Tag Archive for 'local-taxation'

Hollow Tory spin on Council Tax

One of the press releases out of CCHQ (which is apparently what Conservative Central Office is now called) caught my eye yesterday: Council tax is the ultimate stealth tax.

Ummm… hello? How on earth is Council Tax a “stealth tax”? I thought a stealth tax was a sneaky revenue-rasing measure that most people wouldn’t notice whilst going about their ordinary business (hence taxation by “stealth”): Crafty things like phasing out the married couples’ tax allowance, mortgage interest tax relief and tax credits for pension funds. Council Tax, on the other hand, is one of the most up-front, in-your-face taxes in our entire system – which is precisely why it is so unpopular. It is the only regular tax for which you get an invoice, which you have to settle directly by cash, cheque or direct debit. People moan about their Council Tax bills but most of them never stop to think about VAT (which they probably pay a lot more of).

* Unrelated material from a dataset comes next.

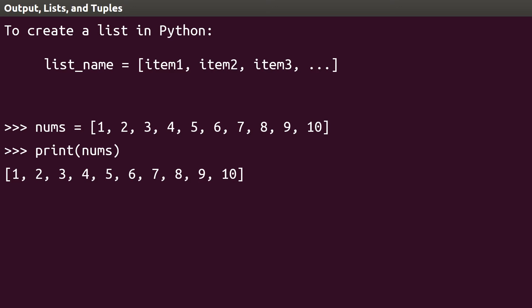Python has a useful, built-in way of finding out how many items are on a list without counting them manually. The len function, which stands for length, tells us that there are 10 items in the list nums when we put nums between the parentheses.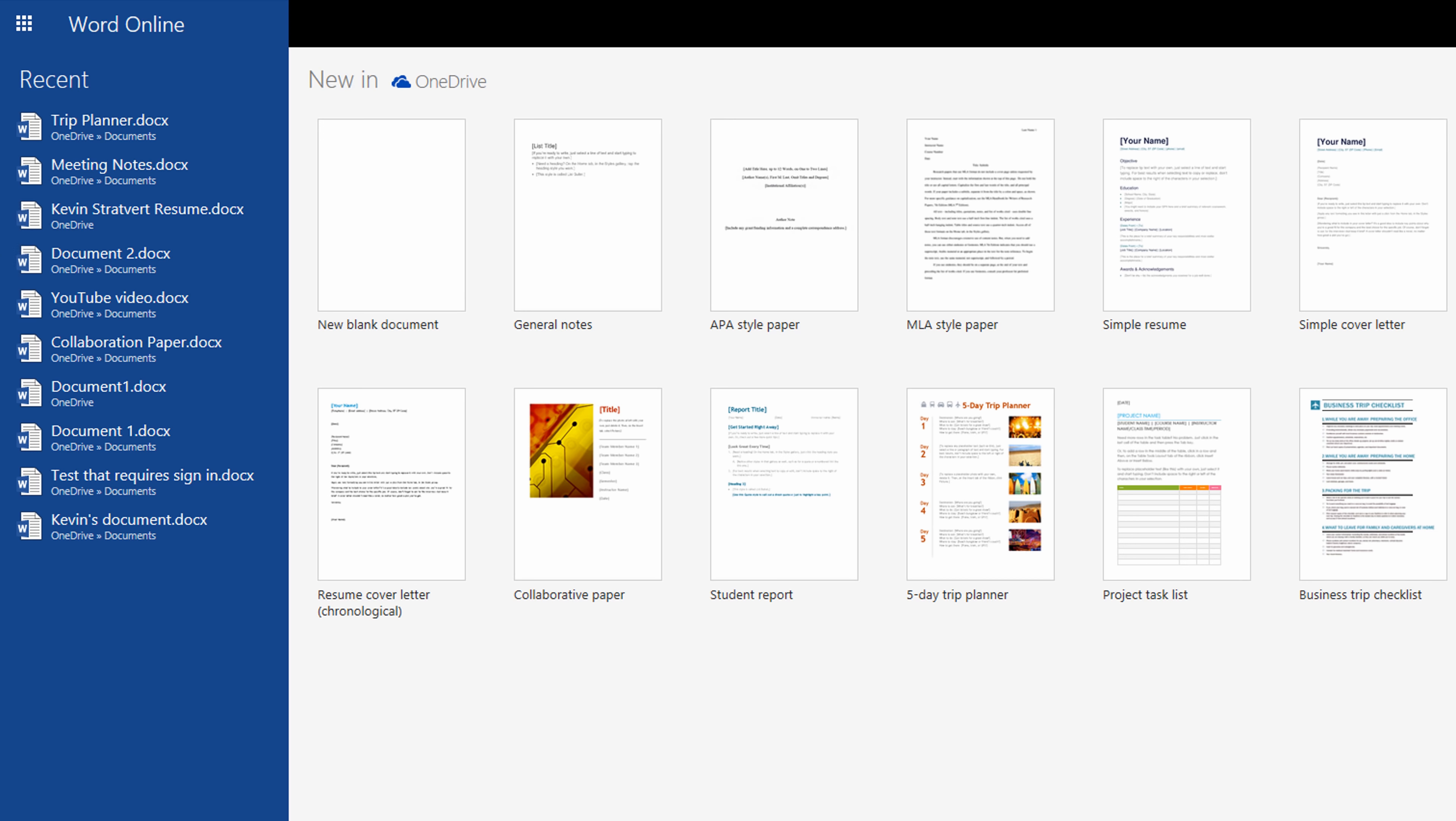Hi everyone, my name is Kevin and today I want to show you how you can get Microsoft Word entirely for free. It won't cost you anything. Let me show you how to do it.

Getting away from the bizarre spin, the Tory press release did quote Caroline Spelman pointing out two real problems with Council Tax. Firstly that many households, especially pensioners, simply can’t afford it; and secondly that many eligible households do not claim their Council Tax benefit because of the many hurdles involved in the ever-complex tax-and-benefit system.

Then the press release stops, with the obligatory swipe about how council tax has gone up 84% under Labour. No attempt at presenting a solution – other than the inference that Council Tax is too high. What would the Tories do? Cut services or increase other taxes to reduce Council Tax bills?

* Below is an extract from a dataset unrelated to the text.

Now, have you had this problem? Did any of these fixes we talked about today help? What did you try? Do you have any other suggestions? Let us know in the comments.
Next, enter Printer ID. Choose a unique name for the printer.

The fact is that both of the problems Mrs Spelman describes are actually symptomatic of the fact that the very premise of Council Tax is ill conceived. As a tax on property value, rather than income, it is obviously going to discriminate against pensioners. Furthermore, because it is a regressive tax, it needs a system of rebates (student exemptions, Council Tax Benefit, etc.) which incur a great amount of hassle and bureaucracy to process.

The Liberal Democrats are known for odd-ball policies but surely their position on Council Tax is sound: it must be replaced with a local income tax. It’s not a pinko-lefty idea, they have it in the USA. Such a tax could be collected by the Inland Revenue, through the same PAYE mechanisms as the main national income tax. (The Scottish parliament can already raise extra tax in this way so it’s nothing new.) This would not only make the system fairer but would also do away with the costly paper-pushers administering Council Tax Benefit in town halls across England.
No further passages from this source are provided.